How to complete this task:
Could you copy exactly the lines from the one containing "Bp Józef Zawitkowski" through the last line of the records, leaving out every picture?

** Data to use follows **

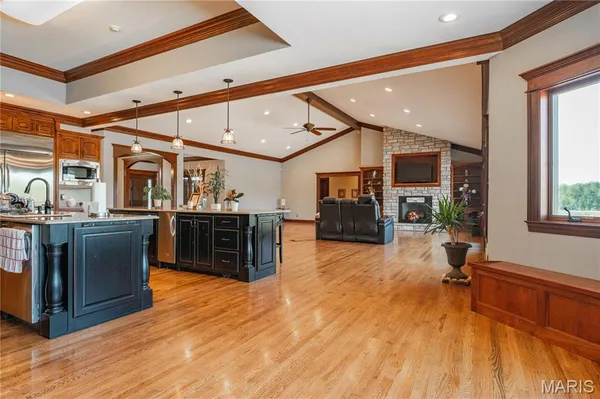 $1,500,000 | 10665 Highway 160, Harviell, MO 63945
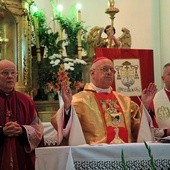 Bp Józef Zawitkowski celebruje Mszę św. Po lewej ks. Jerzy Czarnota, kustosz sanktuarium w Suserzu. Po prawej ks. Wiesław Frelek, dziekan żychliński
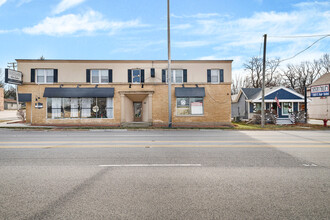 304 W Maple St, New Lenox, IL for lease Building Photo- Image 2 of 35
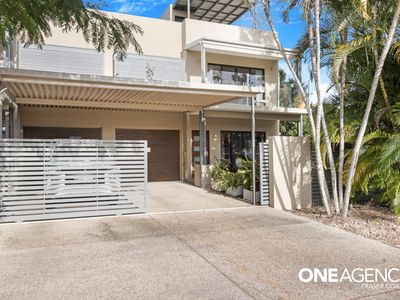 1 / 19 King Street, Urangan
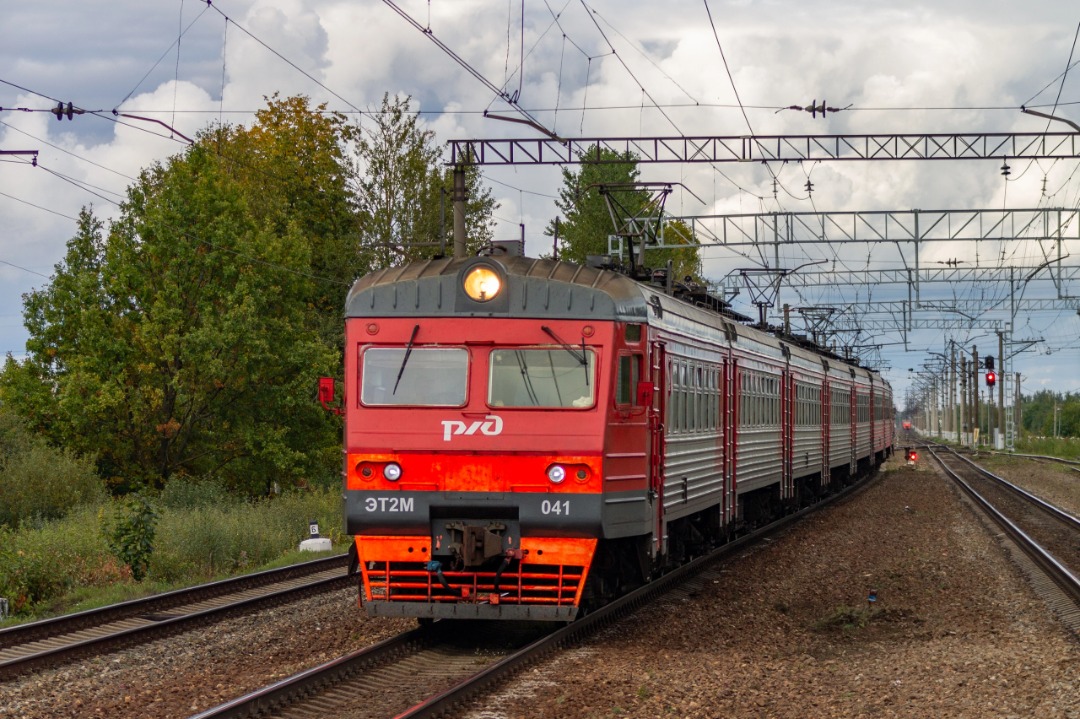 Vladislav on Train Siding: electric train ET2M-041 following the route St. Petersburg - Oredezh arrives at the station Kobralovo. 2022
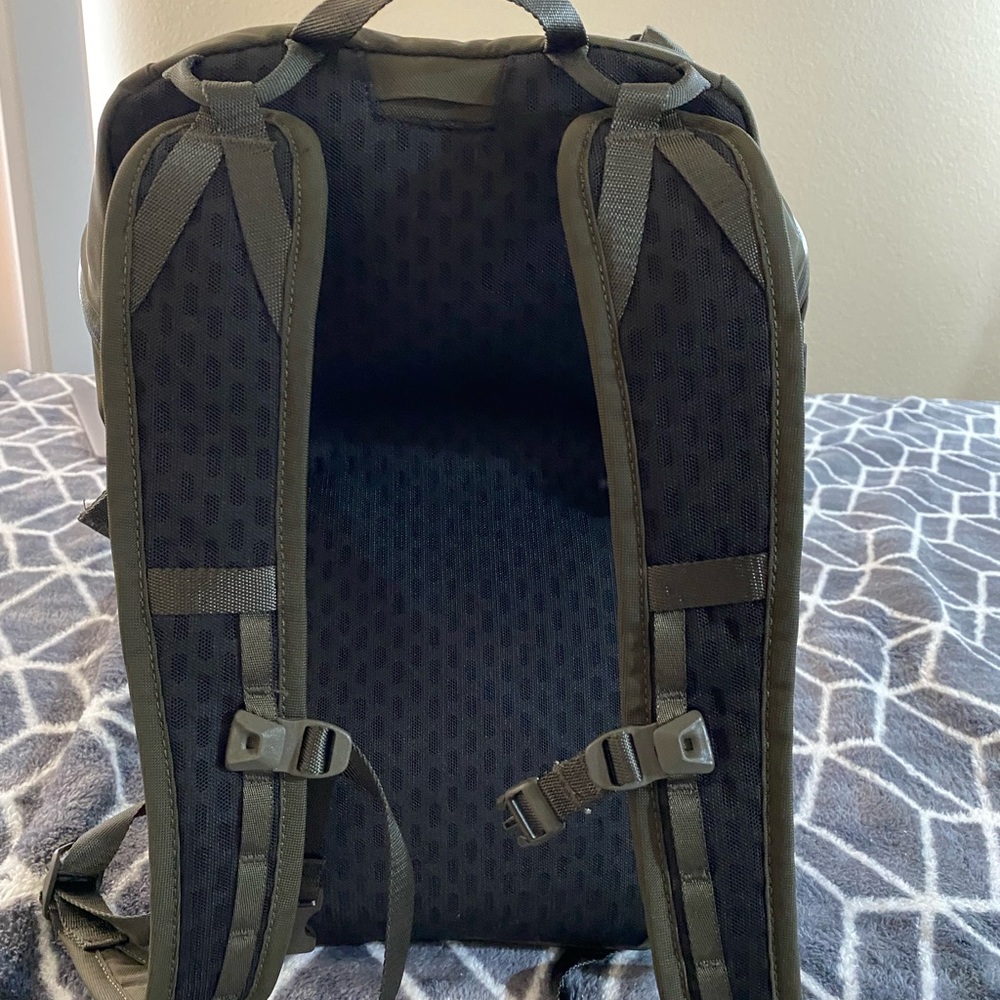Lululemon backpack - Picture 3 of 5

** End of Data to use **

Answer section:
 Bp Józef Zawitkowski celebruje Mszę św. Po lewej ks. Jerzy Czarnota, kustosz sanktuarium w Suserzu. Po prawej ks. Wiesław Frelek, dziekan żychliński
 304 W Maple St, New Lenox, IL for lease Building Photo- Image 2 of 35
 1 / 19 King Street, Urangan
 Vladislav on Train Siding: electric train ET2M-041 following the route St. Petersburg - Oredezh arrives at the station Kobralovo. 2022
Lululemon backpack - Picture 3 of 5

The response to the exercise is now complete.